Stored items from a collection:
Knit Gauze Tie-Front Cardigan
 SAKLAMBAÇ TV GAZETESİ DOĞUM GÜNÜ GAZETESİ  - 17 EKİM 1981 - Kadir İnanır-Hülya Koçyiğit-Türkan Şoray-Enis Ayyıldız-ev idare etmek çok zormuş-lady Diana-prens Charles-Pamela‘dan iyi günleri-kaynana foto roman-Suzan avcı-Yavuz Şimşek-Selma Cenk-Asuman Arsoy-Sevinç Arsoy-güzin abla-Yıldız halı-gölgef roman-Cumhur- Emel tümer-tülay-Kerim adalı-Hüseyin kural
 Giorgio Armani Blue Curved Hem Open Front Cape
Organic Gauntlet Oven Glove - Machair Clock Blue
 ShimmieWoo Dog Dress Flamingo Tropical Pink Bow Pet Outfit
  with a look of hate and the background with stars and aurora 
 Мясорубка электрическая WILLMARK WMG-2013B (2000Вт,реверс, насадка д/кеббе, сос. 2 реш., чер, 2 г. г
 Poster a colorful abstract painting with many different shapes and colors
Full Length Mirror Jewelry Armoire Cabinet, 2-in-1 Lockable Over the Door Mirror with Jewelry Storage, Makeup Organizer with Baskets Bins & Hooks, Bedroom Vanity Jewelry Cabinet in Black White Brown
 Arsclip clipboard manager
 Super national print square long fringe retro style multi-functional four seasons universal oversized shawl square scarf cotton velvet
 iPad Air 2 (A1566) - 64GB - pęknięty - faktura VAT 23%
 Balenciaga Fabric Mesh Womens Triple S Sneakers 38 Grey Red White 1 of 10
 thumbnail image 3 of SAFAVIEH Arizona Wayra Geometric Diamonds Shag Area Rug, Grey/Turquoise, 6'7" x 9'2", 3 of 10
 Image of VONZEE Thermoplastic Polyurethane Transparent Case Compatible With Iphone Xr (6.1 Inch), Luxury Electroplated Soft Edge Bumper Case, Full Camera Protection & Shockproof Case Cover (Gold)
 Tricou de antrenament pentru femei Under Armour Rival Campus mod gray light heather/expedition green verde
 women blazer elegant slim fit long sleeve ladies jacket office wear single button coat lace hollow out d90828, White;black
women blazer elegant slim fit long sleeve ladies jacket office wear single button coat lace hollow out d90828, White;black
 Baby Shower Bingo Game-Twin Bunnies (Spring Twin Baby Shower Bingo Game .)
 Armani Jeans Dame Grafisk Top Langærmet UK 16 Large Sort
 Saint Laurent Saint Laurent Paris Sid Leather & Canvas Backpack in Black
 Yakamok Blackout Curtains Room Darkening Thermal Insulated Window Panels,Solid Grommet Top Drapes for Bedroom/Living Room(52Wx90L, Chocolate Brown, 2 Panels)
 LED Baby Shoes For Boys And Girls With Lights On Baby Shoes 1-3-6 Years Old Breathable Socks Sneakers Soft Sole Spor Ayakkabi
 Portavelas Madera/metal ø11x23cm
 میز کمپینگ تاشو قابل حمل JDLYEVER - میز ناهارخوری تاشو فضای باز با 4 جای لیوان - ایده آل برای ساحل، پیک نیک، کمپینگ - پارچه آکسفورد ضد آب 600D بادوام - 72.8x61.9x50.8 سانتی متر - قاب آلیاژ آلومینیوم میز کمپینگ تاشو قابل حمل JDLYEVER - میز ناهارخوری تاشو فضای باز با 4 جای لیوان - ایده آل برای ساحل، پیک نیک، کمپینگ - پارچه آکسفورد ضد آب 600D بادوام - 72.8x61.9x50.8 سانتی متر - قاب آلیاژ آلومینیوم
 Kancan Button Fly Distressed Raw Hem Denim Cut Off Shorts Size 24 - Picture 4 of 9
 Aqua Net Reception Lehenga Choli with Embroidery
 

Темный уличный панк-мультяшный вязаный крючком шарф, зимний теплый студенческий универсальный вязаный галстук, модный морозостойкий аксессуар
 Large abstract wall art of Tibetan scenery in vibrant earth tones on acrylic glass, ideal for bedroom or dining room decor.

> **What you should do**:
Take the lines above from the one holding "Armani Jeans Dame" to the last and output them exactly.

> **Task response**:
 Armani Jeans Dame Grafisk Top Langærmet UK 16 Large Sort
 Saint Laurent Saint Laurent Paris Sid Leather & Canvas Backpack in Black
 Yakamok Blackout Curtains Room Darkening Thermal Insulated Window Panels,Solid Grommet Top Drapes for Bedroom/Living Room(52Wx90L, Chocolate Brown, 2 Panels)
 LED Baby Shoes For Boys And Girls With Lights On Baby Shoes 1-3-6 Years Old Breathable Socks Sneakers Soft Sole Spor Ayakkabi
 Portavelas Madera/metal ø11x23cm
 میز کمپینگ تاشو قابل حمل JDLYEVER - میز ناهارخوری تاشو فضای باز با 4 جای لیوان - ایده آل برای ساحل، پیک نیک، کمپینگ - پارچه آکسفورد ضد آب 600D بادوام - 72.8x61.9x50.8 سانتی متر - قاب آلیاژ آلومینیوم میز کمپینگ تاشو قابل حمل JDLYEVER - میز ناهارخوری تاشو فضای باز با 4 جای لیوان - ایده آل برای ساحل، پیک نیک، کمپینگ - پارچه آکسفورد ضد آب 600D بادوام - 72.8x61.9x50.8 سانتی متر - قاب آلیاژ آلومینیوم
 Kancan Button Fly Distressed Raw Hem Denim Cut Off Shorts Size 24 - Picture 4 of 9
 Aqua Net Reception Lehenga Choli with Embroidery
 

Темный уличный панк-мультяшный вязаный крючком шарф, зимний теплый студенческий универсальный вязаный галстук, модный морозостойкий аксессуар
 Large abstract wall art of Tibetan scenery in vibrant earth tones on acrylic glass, ideal for bedroom or dining room decor.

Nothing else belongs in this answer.